A graphic of the capital letters A, B, and C

Source: ABC Wikijunior, Savant-fou, Wikimedia

You’ve been taught that sentences begin with capital letters and end with some kind of terminal punctuation, the most common of which is the period. You may also be able to define a sentence as a clause with a subject and a predicate or as something that expresses a complete thought. Whether you’re shaky or confident about the definition of a sentence or what subjects and predicates are, you’ll enjoy this review in “The Tale of Mr. Morton.”

Even with the ability to define a sentence, you might still need more practice developing your sentence sense or recognizing whether an idea is complete. Maybe you put capital letters and periods on sentence fragments, trying to pass them off as complete sentences, for example. A sentence fragment fails to be a sentence in the sense that it cannot stand by itself. Some fragments may lack a subject or a main verb.

For example, the subject is missing from “Formed sweat on my forehead.” The predicate is missing from “The hottest cayenne peppers.” So are you in the clear if you can find a subject and predicate? The answer is no because English has so many exceptions. Sometimes perfectly good sentences omit the subject, as in “Answer the door.” In this imperative sentence, the subject “you” is understood, but not written.

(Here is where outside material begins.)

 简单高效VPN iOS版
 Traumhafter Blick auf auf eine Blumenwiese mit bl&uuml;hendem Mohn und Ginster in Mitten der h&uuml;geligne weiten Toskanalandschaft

Another departure from good sentence writing is when you fuse more than one sentence together in what is known as a run-on sentence. A comma splice is the most common type of run-on sentence. It occurs when a comma is used incorrectly between two independent clauses, as in this example:

A photograph of a recipe book open to a recipe for Chili Con Carne with a list of required ingredients, equipment, and method.

Source: Chili Con Carne Recipe, 10sabi7, Wikimedia




Everyone has a chili recipe, even President Obama gets into the act.

Each clause in the sentence above can stand alone so you need more than a comma. You can rewrite the sentence like this:

Everyone has a chili recipe, and even President Obama gets into the act.

You could also rewrite it like this:

Everyone has a chili recipe; even President Obama gets into the act.

In fused sentences, which are not examples of good sentence writing, no punctuation is used, as shown here:

Canned tomato paste provides the right consistency for chili. Instead of digging the tomato paste out of that little can with a spoon, you can easily remove it by opening both ends with a can opener remove only one lid and push the other lid through the can to force the paste out.

You probably got confused somewhere in the second sentence and were forced to reread when you got to the structural flaw between “can opener” and “remove.” A period after “can opener” and capitalizing “Remove” will make the cooking directions clear and the grammar correct.